▸ **Problem details**: Your copy should match the listing below word for word, with no images in it.

▸ **Task input**:
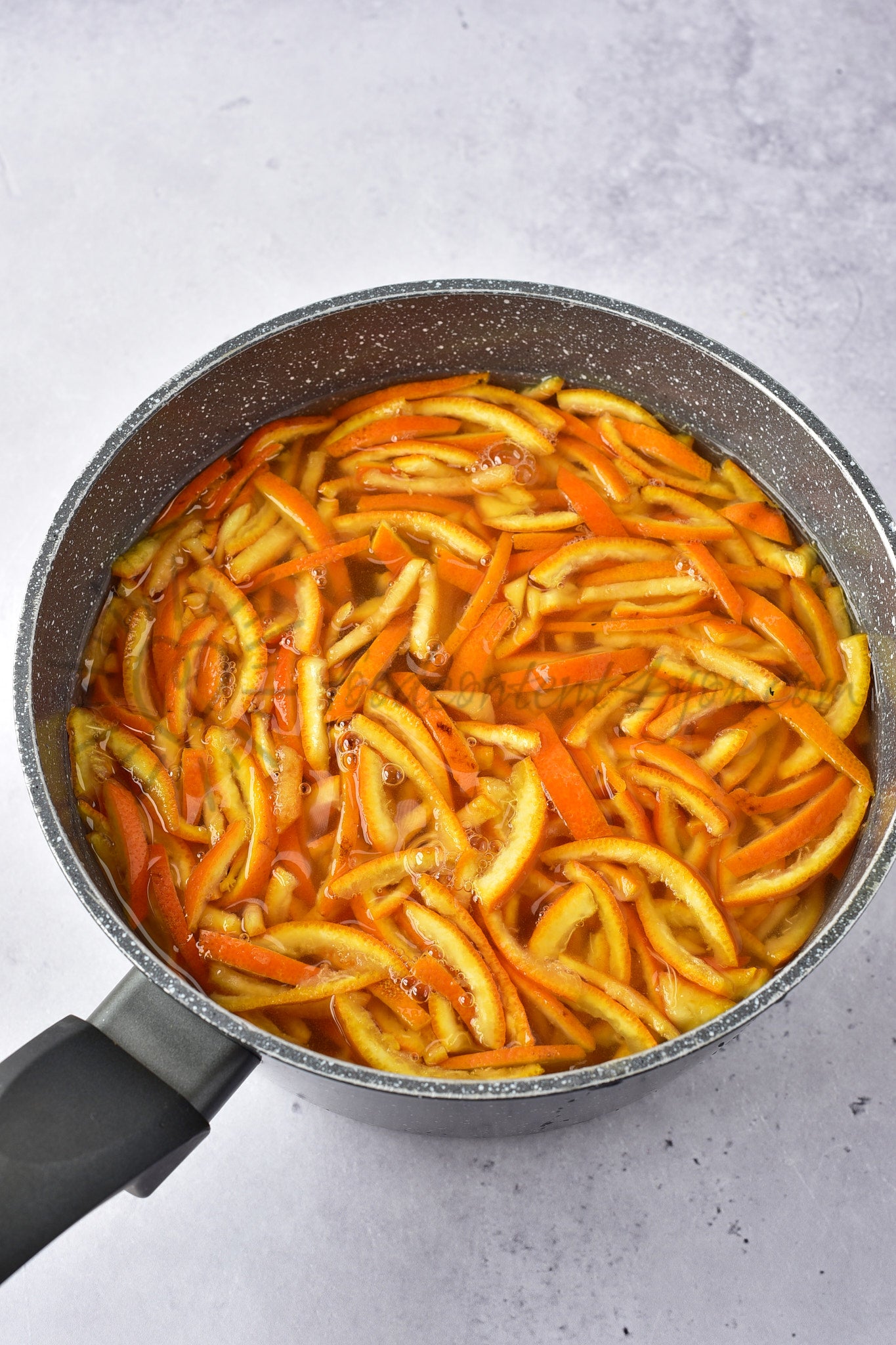 Orange Marmalade - Set 4 of 5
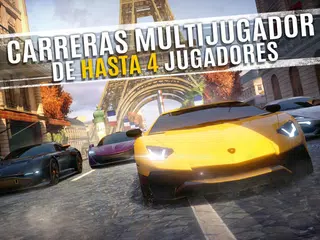 Descargar APK de Asphalt Street Storm Racing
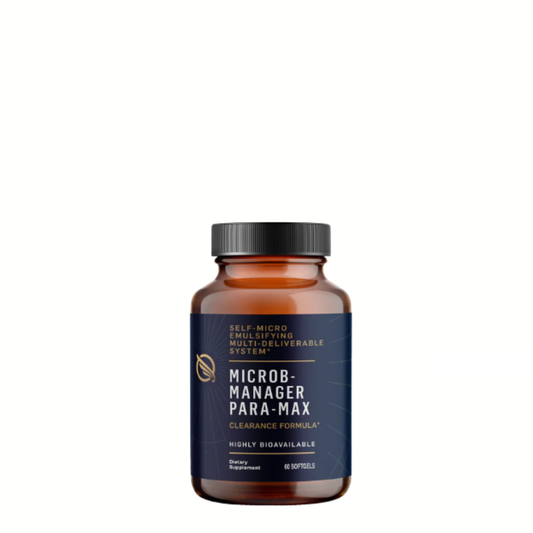 Microb-Manager Para-Max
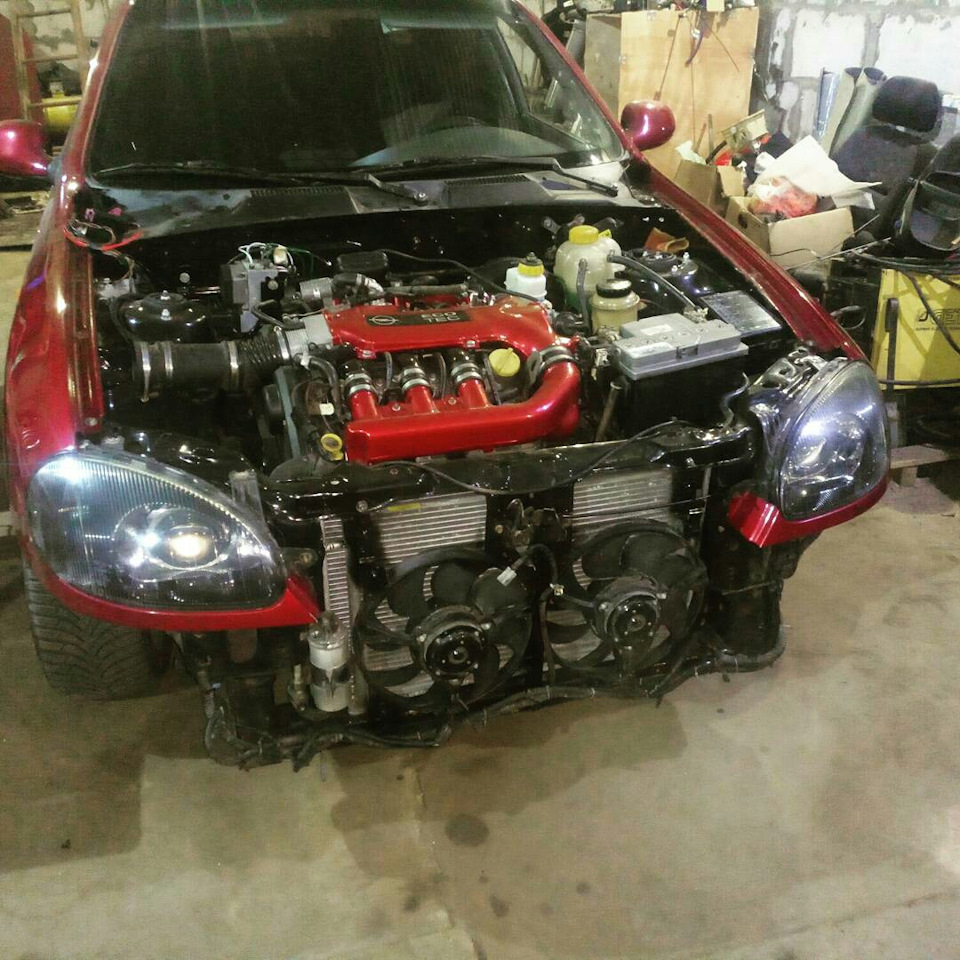 перший запуск v6 3.2AT 3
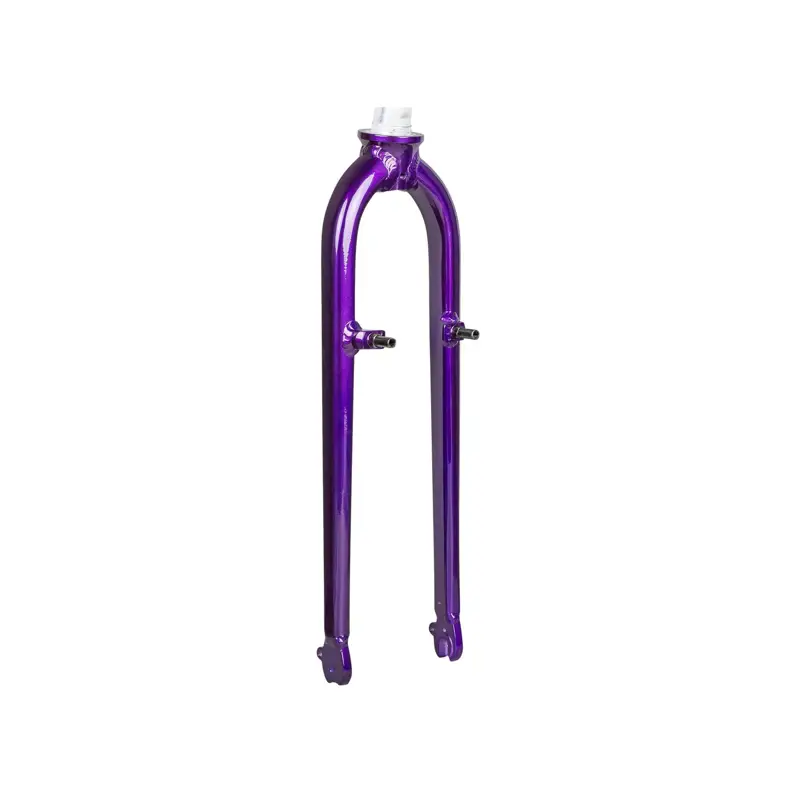 Balfes Bikes Trek Wahoo 26in Kids' Rigid Fork in Purple Lotus | Free postage over £30, £10 off first order, price match & 0% finance.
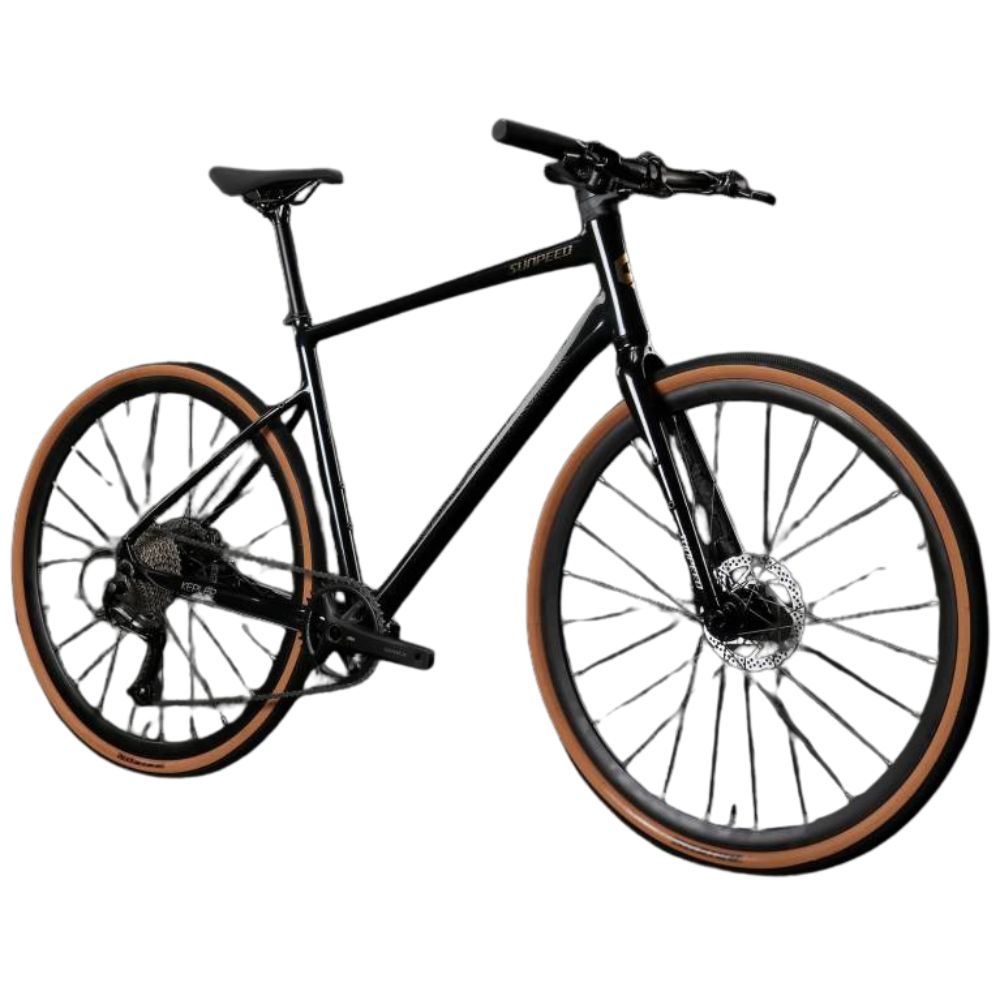 Велосипед Sunpeed Kepler 700C Черный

▸ **Result for this task**:
 Orange Marmalade - Set 4 of 5
 Descargar APK de Asphalt Street Storm Racing
 Microb-Manager Para-Max
 перший запуск v6 3.2AT 3
 Balfes Bikes Trek Wahoo 26in Kids' Rigid Fork in Purple Lotus | Free postage over £30, £10 off first order, price match & 0% finance.
 Велосипед Sunpeed Kepler 700C Черный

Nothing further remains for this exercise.